Album review: ROVO AND SYSTEM 7 – Phoenix Rising

G-Wave [Release date 23.09.13]

Steve Hillage owes his unique position as the godfather of techno and an all-round psychedelic overseer – he’s a contributing musician, producer and DJ – to his psychedelic rock past and his innovative techno, trance and ambient filled present.

He was one of the pioneers of electronic and psychedelic dance music who saw the connection between the two genres very early on. Having apparently ditched his rock career (a recent Gong re-union DVD aside),  he went on to produce the early trance influenced Simple Minds before hooking up with the nascent dance music scene and forming System 7 with his partner Miquette Giraudy . It’s a fluid project that shifts its influences between techno, prog and trance.

In a sense he’s never really changed, as he’s always been into head music, but the advance of technology has pushed him into the realms of samplers and sequencing allied with dance beats and layered grooves.

So, in many ways it was a no brainer to hook up with Japanese psychedelic jam band called Rovo. When System 7 toured Japan, Rovo played some System 7 material and System 7 interpreted Rovo’s material with techno beats. The upshot was a collaboration that led to this album.

‘Phoenix Rising’ is a symbolic reference to the rebirth of post tsunami Japan, and most of the hyper, beat driven music reflects an uplifting mood. It’s an album on which cyclical beats and programmed sounds meet a jam band head-on to fill the hypnotic grooves.

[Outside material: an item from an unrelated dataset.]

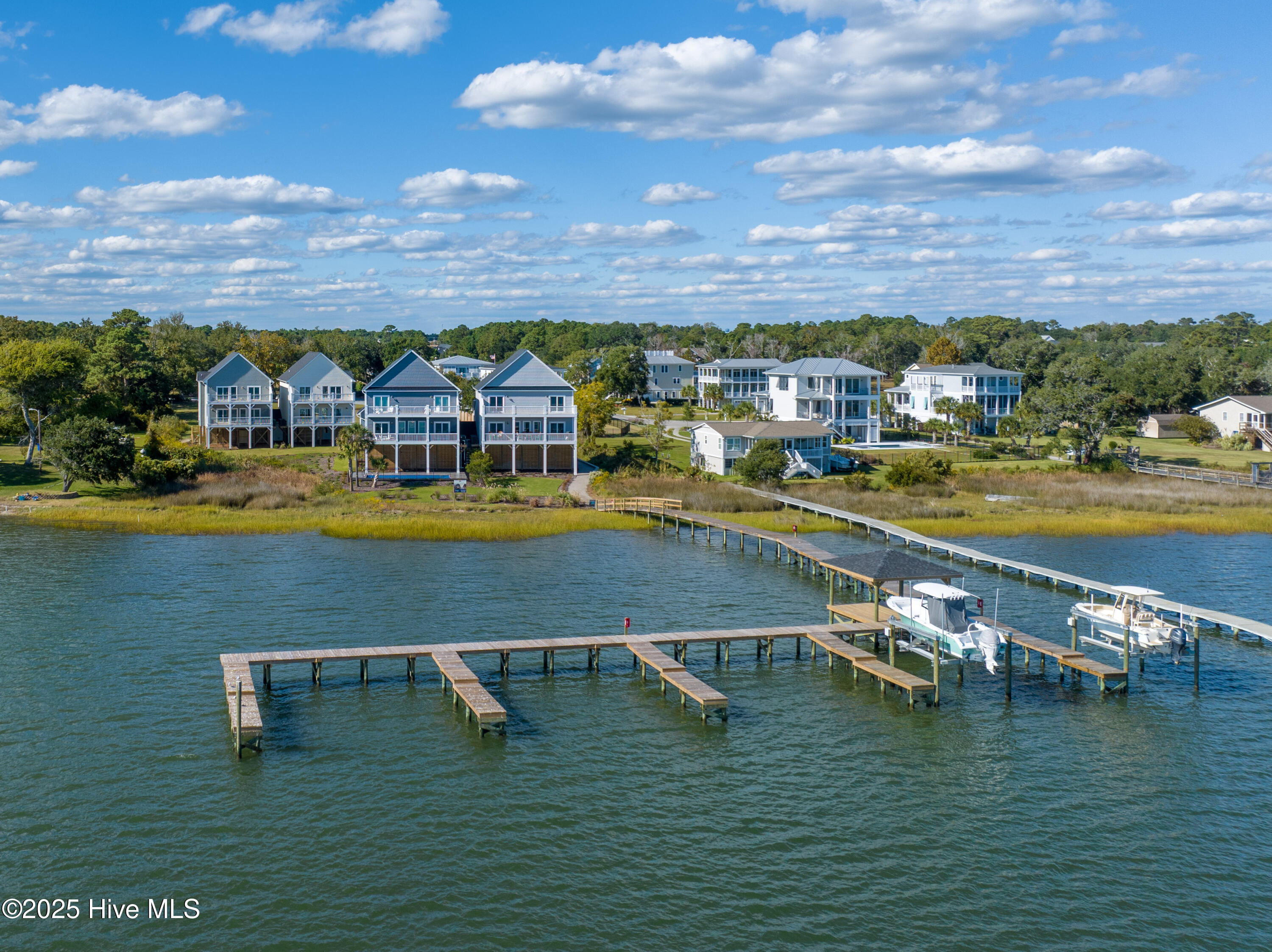 64 Pier Vw Court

And while some moments on ‘Sino Dub’ are sometimes in danger of becoming repetitive rather than trance like, the moments when live the live band and System 7 coalesce, as on ‘Unbroken’, make this a special project

The album opens with ‘Hinotory’, the lead video of which is now re uploaded after copyright problems. A familiar Hillage space-rock intro and an intense drum duet lie at the heart of sculpted, layered sounds and trippy psy-trance beats, before a momentary pause gives way to the kind of tension breaking melody that is reprised later on the album.

‘Love for the Phoenix’ is a good example of Hillage’s ability as an arranger and is a reworking of ‘Habibi’, System 7’s 1991 debut single. It is almost unrecognizable from the original funky vocal track and is transformed into a hypno-groove instrumental with a trancy feel, but keeps the looped voice mantra that is reminiscent of the Swedish electro trip hoppers The Knife. A trancy ambient feel explores a subtle dynamic as the intense beats are pushed to the front of the mix.

‘Meeting of the Spirits’ draws on the Mahavishnu Orchestra’s opening cut from ‘The Inner Mountain Flame’. That band has been sampled many times, but it’s doubtful there’s been such a successful updating as this of their complex music with modern beats.

The original guitar riff (ironically similar to the Canterbury sound of Hillage’s early contemporaries Caravan)  leads into the kind of thrilling double lines featuring Rovo’s guitarist Seichi Yamamoto and violinists Yuji Katsui, that John Mclaughlin and Jerry Goodman used to share back in their 70’s heyday. The twin power house drums perfectly anchor an enveloping sound on which Hillage enjoys a flashback to Gong’s ‘You’ album, in a meeting of space rock and fusion influenced jamming.

And it’s that essential uplifting rush that infuses much of the album with a ‘can do’ spirit, wholly in accord with the ‘Phoenix Rising’ theme. Rovo’s sparkling jam sensibilities and Hillage’s ear for sonic embellishments make this a unique album.

‘Cisco’ is a case in point. It clocks in at an impressive 13 plus minutes, and opens as an orthodox band piece, before evolving via psychedelic wah wah drones into a layered space- rock ambience, punctuated by exuberant percussion and shifting beats.

It sounds like a meeting of early Hawkwind with modern technology. And after a quasi mid-number break down, the tempo suddenly speeds up at the 7.23 min mark to usher the rhythm section back into a mix of hard beats and a dense wall of sound. Only a disappointingly clumsy ending robs the track of its potential grandeur.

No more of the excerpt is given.